I’m trying to determine if there is any detrimental effects of using verbose tag names and paths verses more succinct ones, for example imagine I have a number of data acquisition units with diagnostics, and my tag paths end up being:
Diagnostics\Data Acquisition Unit\X\Environment\High Temperature
Versus something like
Diag\DAU\X\Env\HiTemp
If there are a lot of tags like this on a page, is one preferred over the other?
Is there an effect on page start-up time (Vision or Perspective)?
Does this dramatically increase the size of logs (I don’t think so, but just to check)?
Is there a higher network load on the OPC-UA server?
Always appreciated for your insight Phil, but do you have any information on the performance aspect of this, aside from the “best practices for maintainability”? I agree with your recommendation 100%, just want to know if, for example, I have 500 tags on a page (Vision primarily, in some form or another, driving indicators, hidden, etc. as a worst-case), if one is better than the other?
Not that I know of. Certainly not for tag bindings (subscriptions). Possibly a slight impact of system.tag.read*(), but I wouldn't expect that to be an issue short of tens of thousands of tags in a single read.
What Phil said, but don't go overboard.
Windows (sigh) has issues with file paths longer than 255 characters.
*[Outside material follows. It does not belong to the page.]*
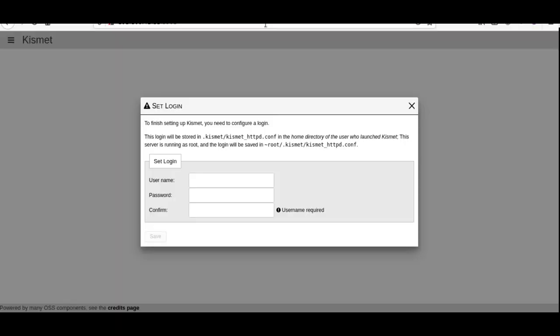Alright guys, today I'm going to teach you how to set up Kismet. This is an awesome tool that's going to allow you to turn your device into a sniffer.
This starts to become relevant in Ignition 8.3, where tag configuration is stored in a series of flat files on disk that reflect the same hierarchy as your tag organization. C:/Program Files/Inductive Automation/Ignition/data/config/resources/core/ignition/tag-definition/default/Diagnostics/Data Acquisition Unit/X/Environment/High Temperature is 170 characters.
As far as I remember, Java/Ignition handles these long paths okay, but the rest of the OS, including literally explorer.exe, starts to behave very strangely.
Thanks Paul, luckily in our case all of this will be on RHEL, but it’s good to know of the quirks. You’d think by Windows 11 they would have fixed the 255 character issue better than they have...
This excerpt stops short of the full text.